Most of us who fly fish have far more rods and reels than we need – and for sure, we’ve got hundreds if not thousands of flies. So a good choice of gift this Christmas for that fly fisher in your family is D. Dauphinee’s new book, Stoneflies & Turtleheads, published by North Country Press in Unity. Or you can just buy it for yourself!
This is neither a “my best fishing stories” book, nor a “how-to” boring and tedious recitation. For starters, Denis Dauphinee wrote the book for himself. While he’s done a bit of writing before, he says Stoneflies & Turtleheads “is my first attempt at writing something which I’ve wanted to write.”
His passion for fly fishing and writing combine very nicely in this unusual collection of interesting – and sometimes fascinating – stories. There is a bit of how-to here, well presented, and plenty of truth telling about getting skunked. I particularly related to those stories!
I especially enjoyed his stories of the time in his life when he wandered the globe, mostly for work, while always carrying his SAGE 5-weight fly rod, a single box of flies, and a few fly tying tools. He fished some mighty strange water.
I know I’ll never get to the Urubamba River in Peru’s Sacred Valley of the Incas, but I sure did enjoy D’s story about his adventure there. Think steep ankle-breaking cliffs, and candiru, “tiny, skinny fish that reportedly will, if you pee in the water, swim up your urethra. It has retrose spines along its body and gets lodged in the penis. The pain, I’ve been told, is remarkable. The fish (with some damage to the penis) has to be surgically removed.”
Perhaps I’ll stick to the West Branch of the Penobscot! That’s another place that draws Denis Dauphinee, who spend plenty of time on my favorite Maine waters, including Grand Lake Stream.
D’s story of fishing Prestile Stream, one of the only limestone creeks in Maine, took me back to a political fight I got caught up in many decades ago.
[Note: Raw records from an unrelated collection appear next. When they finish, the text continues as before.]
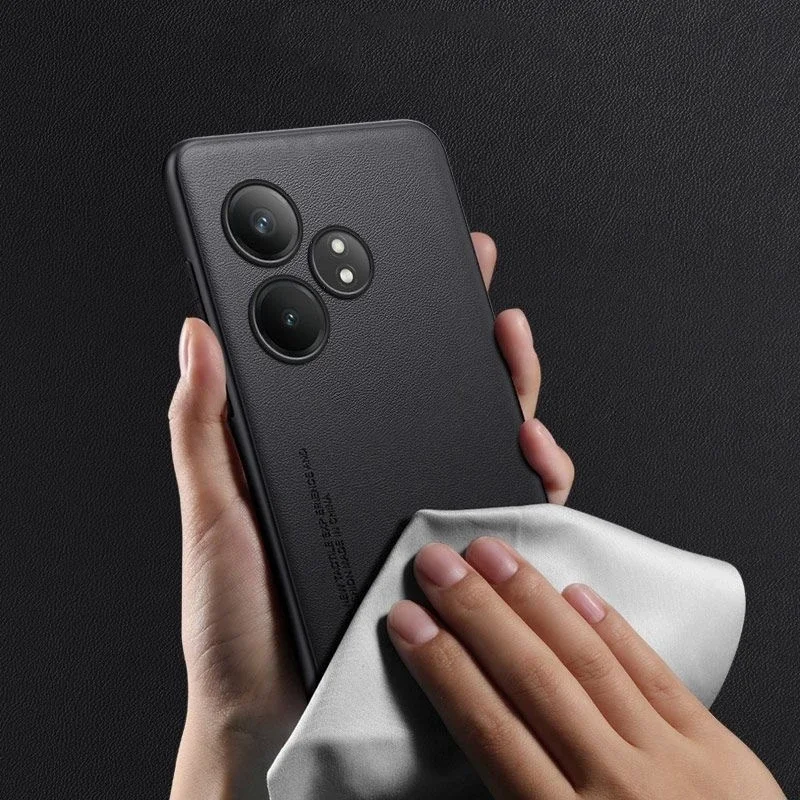 Elegant Leather Shockproof Phone Case with Camera Protection and Matte Silicone Back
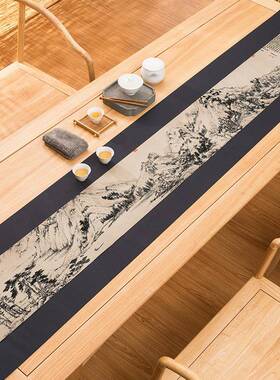 新名茶席千里江山富居山名画茶席春款防水桌中式画禅意旗茶道零配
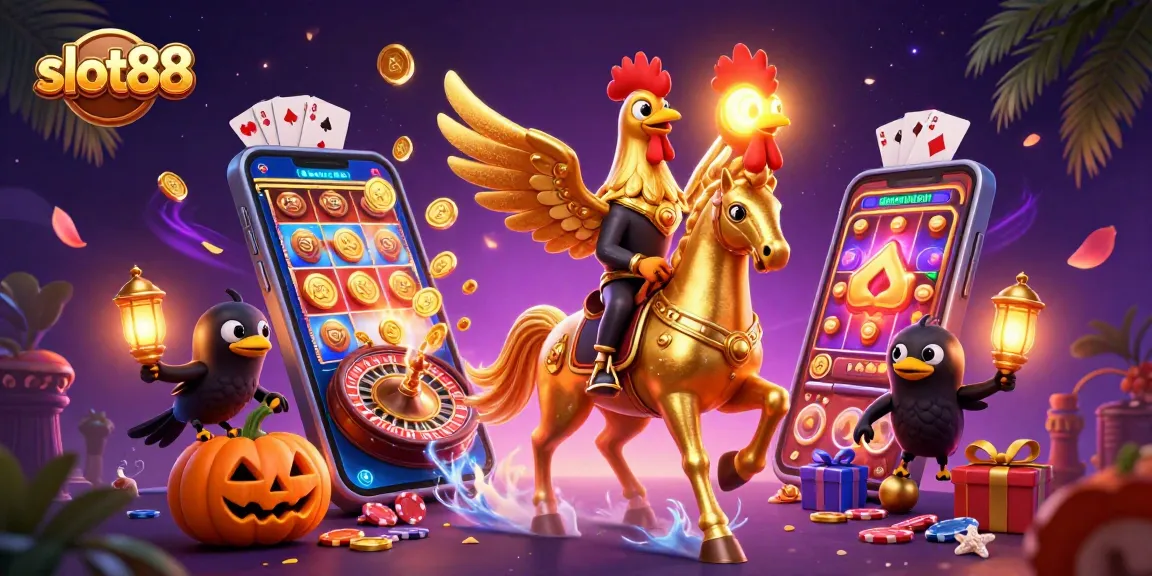 Gambarkan slot88 dengan karakter ayam emas memainkan slot di kasino misterius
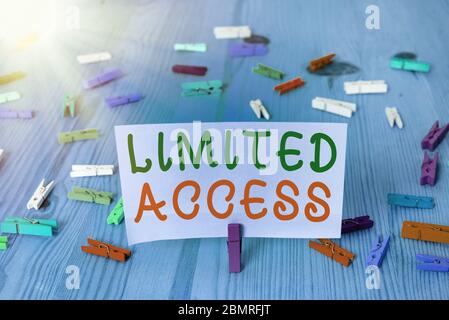 Conceptual hand writing showing Limited Access. Concept meaning Having access restricted to a quite small number of points Stock Photo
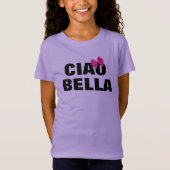 かわいいイタリア人ciaoのbellaの情報通の女の子のTシャツのデザイン Tシャツ (正面)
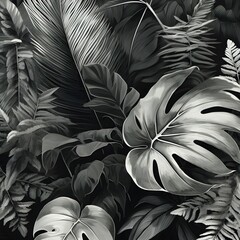 tropical plants, monstera leaves, banana, palm, watercolor banner illustration, background, pattern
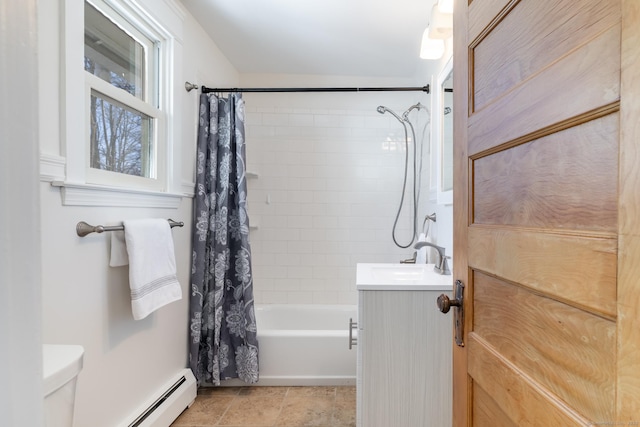 full bathroom with shower / tub combo with curtain, vanity, toilet, and baseboard heating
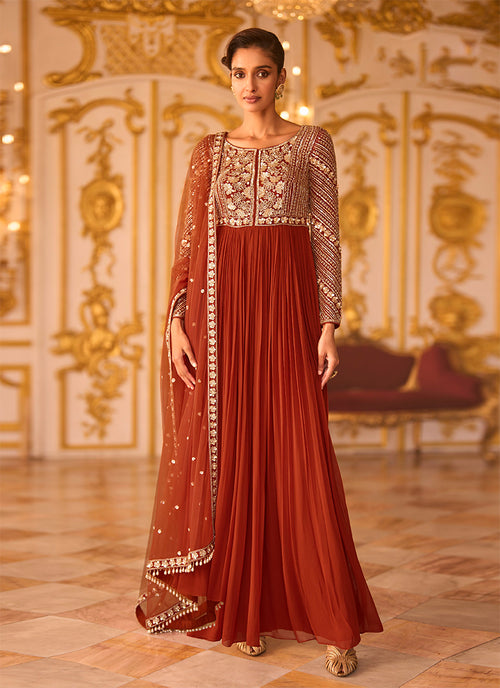 Amber Rust Embroidered Anarkali Suit

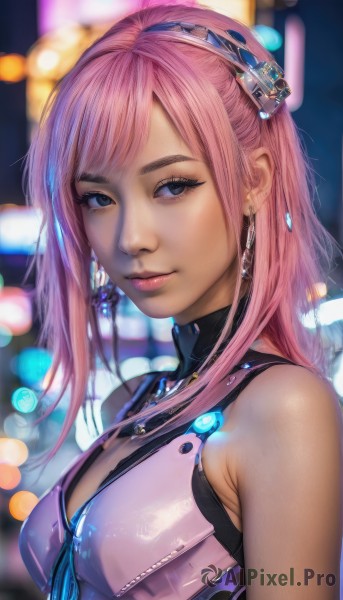 1girl,solo,long hair,breasts,looking at viewer,smile,bangs,blue eyes,hair ornament,cleavage,bare shoulders,jewelry,medium breasts,closed mouth,upper body,pink hair,hairband,earrings,sleeveless,blurry,lips,eyelashes,makeup,depth of field,blurry background,zipper,realistic,nose,signature,turtleneck,headgear,science fiction,bokeh,city lights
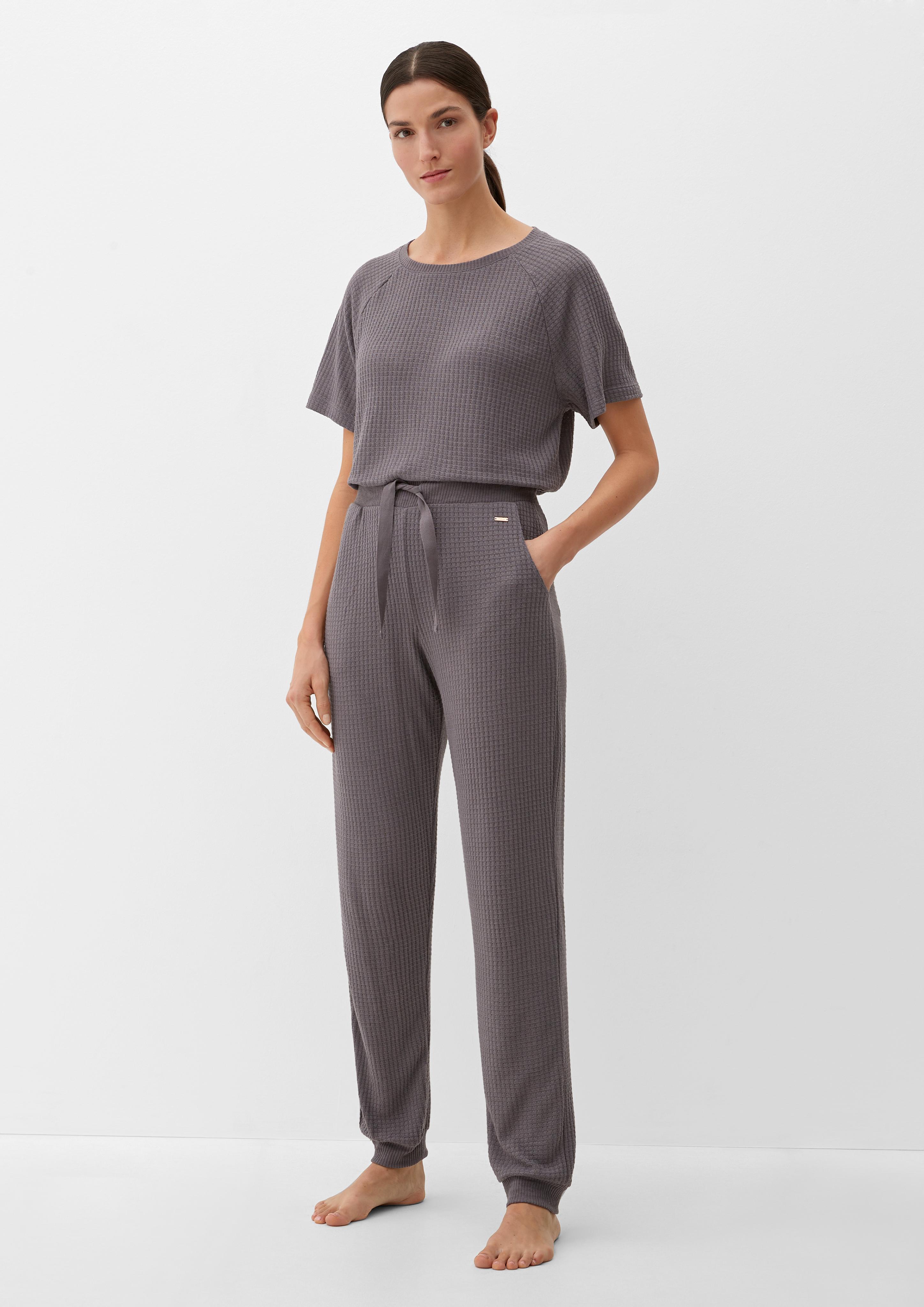 Pyjamahose in Waffelpiqué-Struktur  6007848-9500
He tells that sorry story well, and without giving anything away, I’ll just say it is not a proud chapter in our state’s history.
Fly fishing purists may find D’s remarks about bass fishing to be sacrilegious, but I’m right there with him, casting eagerly to these voracious – and oftentimes huge – warm water nonnative fish.
The story, “The Greying of a Fly Fisher,” relates some of the injuries we old timers anticipate. Ouch!
D ranges from Tennyson (it’s not a river) to fish camp, and from his home waters near Bradley, Maine to Palestine, qualifying Denis Dauphinee as a fly fishing fanatic. I am so glad he wrote this book for himself!